*** Opening Dataset extract ***

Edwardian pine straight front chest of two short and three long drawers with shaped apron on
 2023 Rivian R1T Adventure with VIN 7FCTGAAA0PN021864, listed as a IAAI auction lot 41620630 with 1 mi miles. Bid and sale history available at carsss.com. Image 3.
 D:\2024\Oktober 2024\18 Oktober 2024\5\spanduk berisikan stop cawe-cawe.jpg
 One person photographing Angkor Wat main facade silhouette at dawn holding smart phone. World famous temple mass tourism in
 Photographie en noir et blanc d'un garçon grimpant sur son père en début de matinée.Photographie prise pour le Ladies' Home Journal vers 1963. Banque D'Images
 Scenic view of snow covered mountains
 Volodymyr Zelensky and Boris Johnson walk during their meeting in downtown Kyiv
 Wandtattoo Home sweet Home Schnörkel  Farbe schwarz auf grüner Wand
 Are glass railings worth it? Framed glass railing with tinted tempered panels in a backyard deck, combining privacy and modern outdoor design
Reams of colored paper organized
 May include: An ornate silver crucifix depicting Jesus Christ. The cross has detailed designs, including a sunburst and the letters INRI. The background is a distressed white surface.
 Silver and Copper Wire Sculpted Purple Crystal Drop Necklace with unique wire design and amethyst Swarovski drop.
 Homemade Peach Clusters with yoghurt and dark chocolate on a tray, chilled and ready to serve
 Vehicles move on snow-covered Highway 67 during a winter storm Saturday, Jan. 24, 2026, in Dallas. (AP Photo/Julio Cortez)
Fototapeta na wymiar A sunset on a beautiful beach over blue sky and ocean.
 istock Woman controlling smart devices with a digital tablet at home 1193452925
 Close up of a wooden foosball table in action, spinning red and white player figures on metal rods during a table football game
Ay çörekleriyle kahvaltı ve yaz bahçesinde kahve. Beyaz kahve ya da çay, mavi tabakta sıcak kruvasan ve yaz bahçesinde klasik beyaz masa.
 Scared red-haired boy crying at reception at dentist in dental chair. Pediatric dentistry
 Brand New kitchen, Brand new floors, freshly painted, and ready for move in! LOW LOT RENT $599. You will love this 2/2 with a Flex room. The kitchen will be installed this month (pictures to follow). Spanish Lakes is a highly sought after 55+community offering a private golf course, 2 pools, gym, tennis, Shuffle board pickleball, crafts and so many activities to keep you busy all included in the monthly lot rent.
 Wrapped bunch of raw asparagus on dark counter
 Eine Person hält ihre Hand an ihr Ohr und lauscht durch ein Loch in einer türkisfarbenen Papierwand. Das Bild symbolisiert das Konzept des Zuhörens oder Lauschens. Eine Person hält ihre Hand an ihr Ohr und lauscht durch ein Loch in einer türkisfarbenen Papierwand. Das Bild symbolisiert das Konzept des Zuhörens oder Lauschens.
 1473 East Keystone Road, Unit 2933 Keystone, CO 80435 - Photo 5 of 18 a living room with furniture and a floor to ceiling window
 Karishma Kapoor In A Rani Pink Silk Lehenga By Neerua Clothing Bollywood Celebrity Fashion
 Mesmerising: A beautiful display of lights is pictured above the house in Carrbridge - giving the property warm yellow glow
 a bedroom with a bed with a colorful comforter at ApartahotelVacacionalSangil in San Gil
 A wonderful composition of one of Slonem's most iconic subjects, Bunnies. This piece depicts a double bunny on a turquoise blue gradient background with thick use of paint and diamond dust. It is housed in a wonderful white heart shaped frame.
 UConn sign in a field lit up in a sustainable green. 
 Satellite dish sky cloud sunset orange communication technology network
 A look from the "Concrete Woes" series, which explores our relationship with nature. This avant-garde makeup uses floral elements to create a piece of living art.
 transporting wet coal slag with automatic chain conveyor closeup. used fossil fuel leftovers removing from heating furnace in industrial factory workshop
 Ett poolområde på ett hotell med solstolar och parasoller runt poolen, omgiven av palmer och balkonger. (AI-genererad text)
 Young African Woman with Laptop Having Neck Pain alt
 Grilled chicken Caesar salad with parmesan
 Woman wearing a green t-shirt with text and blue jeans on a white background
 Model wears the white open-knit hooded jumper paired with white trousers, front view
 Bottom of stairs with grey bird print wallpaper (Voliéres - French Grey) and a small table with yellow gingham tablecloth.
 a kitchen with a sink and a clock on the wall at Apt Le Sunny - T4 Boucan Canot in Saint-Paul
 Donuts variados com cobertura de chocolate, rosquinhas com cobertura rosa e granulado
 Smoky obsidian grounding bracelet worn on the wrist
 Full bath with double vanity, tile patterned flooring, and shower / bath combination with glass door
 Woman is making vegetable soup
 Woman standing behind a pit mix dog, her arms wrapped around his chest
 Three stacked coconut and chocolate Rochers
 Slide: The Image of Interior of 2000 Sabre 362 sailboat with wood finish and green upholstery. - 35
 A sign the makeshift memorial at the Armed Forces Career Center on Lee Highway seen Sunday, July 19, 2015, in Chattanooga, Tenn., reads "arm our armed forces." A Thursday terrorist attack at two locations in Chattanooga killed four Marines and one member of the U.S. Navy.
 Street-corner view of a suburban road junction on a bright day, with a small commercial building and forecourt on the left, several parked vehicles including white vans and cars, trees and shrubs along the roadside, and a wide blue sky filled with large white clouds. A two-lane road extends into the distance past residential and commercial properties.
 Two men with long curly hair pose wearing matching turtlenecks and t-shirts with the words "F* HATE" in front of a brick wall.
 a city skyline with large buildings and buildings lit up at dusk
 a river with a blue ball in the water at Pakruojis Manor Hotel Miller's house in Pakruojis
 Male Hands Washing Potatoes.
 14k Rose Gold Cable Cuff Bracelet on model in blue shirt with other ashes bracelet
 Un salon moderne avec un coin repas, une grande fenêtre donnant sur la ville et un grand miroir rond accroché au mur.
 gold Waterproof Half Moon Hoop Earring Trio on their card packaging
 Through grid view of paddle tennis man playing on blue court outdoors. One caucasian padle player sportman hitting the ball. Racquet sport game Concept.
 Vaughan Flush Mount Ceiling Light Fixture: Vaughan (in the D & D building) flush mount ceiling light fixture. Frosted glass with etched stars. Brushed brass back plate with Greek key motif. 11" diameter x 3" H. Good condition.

*** Closing Dataset extract ***

The problem = Retype exactly, and only, the lines above from the one where "Young African Woman" occurs up to and including the one where "gold Waterproof Half" occurs.

Exercise result =
 Young African Woman with Laptop Having Neck Pain alt
 Grilled chicken Caesar salad with parmesan
 Woman wearing a green t-shirt with text and blue jeans on a white background
 Model wears the white open-knit hooded jumper paired with white trousers, front view
 Bottom of stairs with grey bird print wallpaper (Voliéres - French Grey) and a small table with yellow gingham tablecloth.
 a kitchen with a sink and a clock on the wall at Apt Le Sunny - T4 Boucan Canot in Saint-Paul
 Donuts variados com cobertura de chocolate, rosquinhas com cobertura rosa e granulado
 Smoky obsidian grounding bracelet worn on the wrist
 Full bath with double vanity, tile patterned flooring, and shower / bath combination with glass door
 Woman is making vegetable soup
 Woman standing behind a pit mix dog, her arms wrapped around his chest
 Three stacked coconut and chocolate Rochers
 Slide: The Image of Interior of 2000 Sabre 362 sailboat with wood finish and green upholstery. - 35
 A sign the makeshift memorial at the Armed Forces Career Center on Lee Highway seen Sunday, July 19, 2015, in Chattanooga, Tenn., reads "arm our armed forces." A Thursday terrorist attack at two locations in Chattanooga killed four Marines and one member of the U.S. Navy.
 Street-corner view of a suburban road junction on a bright day, with a small commercial building and forecourt on the left, several parked vehicles including white vans and cars, trees and shrubs along the roadside, and a wide blue sky filled with large white clouds. A two-lane road extends into the distance past residential and commercial properties.
 Two men with long curly hair pose wearing matching turtlenecks and t-shirts with the words "F* HATE" in front of a brick wall.
 a city skyline with large buildings and buildings lit up at dusk
 a river with a blue ball in the water at Pakruojis Manor Hotel Miller's house in Pakruojis
 Male Hands Washing Potatoes.
 14k Rose Gold Cable Cuff Bracelet on model in blue shirt with other ashes bracelet
 Un salon moderne avec un coin repas, une grande fenêtre donnant sur la ville et un grand miroir rond accroché au mur.
 gold Waterproof Half Moon Hoop Earring Trio on their card packaging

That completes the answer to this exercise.